Sarà anche per questo che qualcuno sta offrendo al vecchio nemico un paradossale onore delle armi. La giovane Moretti, ad esempio, di recente lanciata da Bersani, parla di Berlusconi come di «un grande politico». E Fabio Granata, vicino a Fini in Futuro e Libertà, contrappone al leader uscente i suoi epigoni per concludere che «lui aveva comunque uno spessore e una grandezza tragica e inarrivabile per le attuali controfigure rimaste a contendersi i resti del Pdl. Cento volte meglio Berlusconi».
Sembra di capire che il rischio di spappolamento del centrodestra desta più preoccupazioni che giubilo nei vari schieramenti. Ma oggi la domanda è: che tipo di centrodestra è lecito prevedere nei prossimi mesi? Si può immaginare di ricomporre l'area che va dal Pdl alla Lega lungo una linea di continuità sostanziale con il berlusconismo? Ovvero si deve immaginare una rottura, un salto di continuità che spezzi il cordone tra il «fondatore» e i suoi aspiranti successori, a cominciare da Alfano?
Non ci sono risposte certe, ma alcuni indizi aiutano.
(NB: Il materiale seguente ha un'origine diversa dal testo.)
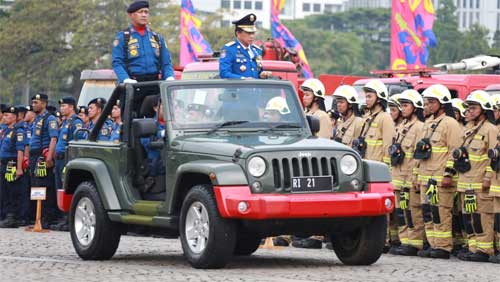 Peringatan Hari Ulang Tahun ke-104 Pemadam Kebakaran (Damkar) dan Penyelamatan di Lapangan Monas, Jakarta Pusat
Il video-messaggio berlusconiano diffuso ieri obbedisce a una logica precisa: collocare quello che accadrà a destra d'ora in poi nel solco di una mitologica età dell'oro in cui il paese è progredito ed è cambiato in meglio. Quindi il futuro centrodestra sarà al massimo post-berlusconiano, dovendo riconoscere all'ex premier una serie di meriti storici. Ma se è così, è impossibile credere che l'operazione primarie (al di là delle regole confuse e dell'approsimazione organizzativa) sarà sufficiente a far nascere un nuovo gruppo dirigente. Del resto, il merito di Berlusconi era anche quello di tenere insieme anime e segmenti della destra molto diversi fra loro. Ora gli ingredienti del mix tendono a separarsi di nuovo.
In verità la famosa area moderata avrebbe bisogno di uno choc, di un colpo di scena per tornare ad aggregarsi. In fondo la stagione di Berlusconi cominciò nel '94 come conseguenza di un trauma (Mani Pulite e la caduta della Prima Repubblica): non è strano che oggi sia necessario un altro scossone per riprendere il filo della storia. Peraltro il tentativo di «assorbire» Monti dentro i confini del Pdl allargato è troppo strumentale per essere preso sul serio. Il fatto è che l'attuale premier costituisce già oggi il punto di riferimento virtuale di un'opinione pubblica che si riconosce nel centrodestra, ma vuole anche un'autentica discontinuità con la stagione precedente. Altre soluzioni a breve per riunificare l'area che ha quasi sempre governato l'Italia nel dopoguerra, non ci sono.
A meno che non prenda forma una grande alleanza civile fuori dagli schemi e capace di proporsi come una novità reale. Ma il tempo stringe e la realtà è impietosa.